Members of the congressional committee responsible for the Environmental Protection Agency’s budget—Republican and Democrat alike—made clear Thursday they have no intention of approving the White House’s proposal to slash the agency’s spending.
In a hearing, EPA Administrator Scott Pruitt defended the Trump administration’s budget plan for the first time on Capitol Hill, insisting that the agency he leads could fulfill its mission under a plan that cuts its budget more than any other federal agency’s.
On climate change, the committee members divided along party lines on whether they supported the Trump administration’s decision to exit the Paris accord. Pruitt, who was a chief proponent of the move, claimed that President Donald Trump would “continue engagement” on the subject. But most of the hearing focused on other issues, with members of both parties driving home the point that Congress will not pass a budget that cuts the EPA’s funding by 31 percent and eliminates nearly 50 of the agency’s programs.
“You are going to be the first EPA administrator who has come before this committee in many years who actually gets more than he asks for,” said Rep. Tom Cole (R-Okla.). That theme was echoed by several of his colleagues on the House Appropriations Subcommittee on Interior, Environment, and Related Agencies. Like other committee members, Cole noted the need for the EPA’s role in addressing the environmental issues that his own constituents face.
For Cole, the issue was large proposed cuts in state and tribal assistance and in water pollution control.
Rep. David Joyce (R-Ohio) balked at the idea of cutting the Great Lakes Initiative. To avoid forcing either Pruitt or Trump to bear the brunt of his criticism, he began to refer to the budget by the name of Office of Management and Budget Director Mick Mulvaney, a former congressman. “Simply put, the Mulvaney budget appears to largely remove the federal government as a partner in all of our efforts to manage and to Great Lakes,” Joyce said.
The subcommittee’s chairman, Rep. Ken Calvert (R-Calif.), criticized the White House plan to reduce by 83 percent Diesel Emission Reduction grants, which he said are essential to improving his state’s air quality.
“You have a tough job here today,” Calvert said to Pruitt. He noted that the EPA, in the crosshairs of the Trump administration’s plan to shift $54 billion from domestic to military spending, would see its budget cut $2.4 billion under the proposal. Calvert said that although he supported additional funding for the military, taking the entire amount out of non-defense spending in one fiscal year was “an untenable proposition.”
“The budget proposes to significantly reduce, or terminate, programs that are vitally important to each member on this subcommittee,” Calvert said.
Rep. Chellie Pingree (D-Maine) criticized the decision to exit the Paris accord, but true to the theme of the day, brought it back to her own constituents.

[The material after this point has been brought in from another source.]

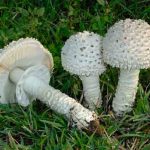 ciuperci din familia Amanita vittadinii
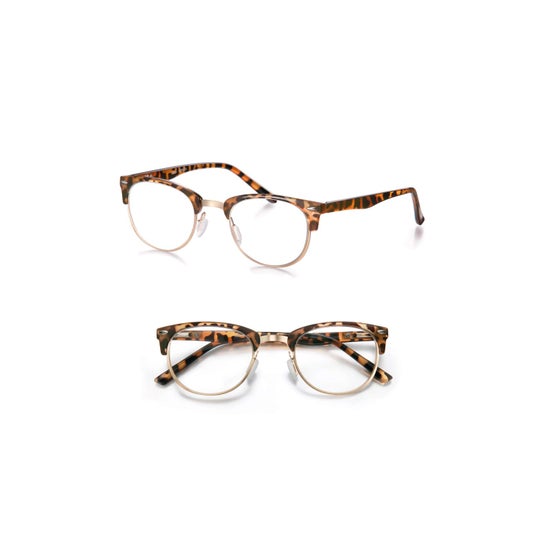 Lunettes Coronation Genova en écaille de tortue +2,50 1 pièce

“Climate change to us is very real. It’s not an environmental platitude,” she said. Maine lobstermen, she said, “look at me with fear in their eyes because we are watching the migration of lobsters, as we’ve seen the disappearance of shrimping. This is important to their identity; it’s important economically. I can’t go home to people and say this isn’t happening. I can’t go home and say ocean acidification isn’t happening.”
Referring to Pruitt’s home state and his well-document close relationship with its biggest industry, Pingree said, “I know it’s different in Oklahoma, where you have the fossil fuel industry in your backyard,” she said. “But I represent a state in the tailpipe of the fossil fuel industry.”

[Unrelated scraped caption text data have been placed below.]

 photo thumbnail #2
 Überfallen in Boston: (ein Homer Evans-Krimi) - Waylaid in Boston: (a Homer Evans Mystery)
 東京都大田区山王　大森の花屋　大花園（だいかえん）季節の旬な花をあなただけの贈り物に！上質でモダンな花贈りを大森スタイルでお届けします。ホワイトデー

Pruitt noted that Trump, in his speech announcing the U.S. exit from the Paris climate agreement, said he hoped to renegotiate it—a notion that other world leaders have rejected. “He said he wanted to continue engagement on this issue,” Pruitt said.
Pruitt said he had begun that process at last week’s meeting of G7 environmental ministers (which ended with Pruitt leaving after only a few hours and the U.S. not signing on to the group’s statements on climate change). “I began the process of bilateral discussions with respect to continued U.S. leadership on CO2,” Pruitt said.
In defense of the agency’s plan to repeal the Obama administration’s most important climate change regulation, the Clean Power Plan, Pruitt said that Congress had not given the EPA a mandate to regulate carbon dioxide from stationary sources—power plants. (That assertion ignores court rulings that have upheld the Obama-era EPA’s interpretation that carbon dioxide is a pollutant subject to regulation under the Clean Air Act.) The rules, stayed by the Supreme Court, are under litigation; the agency has already started to rework them.
Pruitt spent most of the hearing promising to work with members of Congress on the concerns they raised—about endocrine disrupting chemicals, Puget Sound pollution, the Great Lakes, Superfund sites, and more—and on how the EPA could continue to meet the objectives of the programs that the White House was proposing to cut.
“I believe we can fulfill the mission of our agency with a trim budget,” Pruitt said.
Sierra Club spokesman Adam Beitman summed up the hearing in a sardonic Tweet: “Congress to Pruitt: How will you protect X while cutting funding for it? @EPAScottPruitt: It’s so important to protect X, thank you.”
But Cole, Pruitt’s fellow Oklahoman, who agrees with him that Trump was right to leave the Paris agreement, said he should not expect Congress to accept the dramatic cuts to the EPA that the White House envisions.
“The final decision rests here,” Cole said. “The Constitution’s pretty clear on that. It’s important that we have the president’s priorities, but at the end of the day, Congress will make the decision.”
As the two-hour hearing closed, Calvert interrupted Rep. Derek Kilmer (D-Wash.) when he began pressing Pruitt on specific programs tagged for elimination, like the Energy Star efficiency program, Natural Gas Star voluntary program for methane reduction, and others Kilmer said would help address “the generational burden of climate change.”
“We’re going to work with you on those,” Calvert told Kilmer. Then, looking at Pruitt but speaking to his Democratic colleague, the chairman said, “He has to defend his budget. But we’re going to work with you.”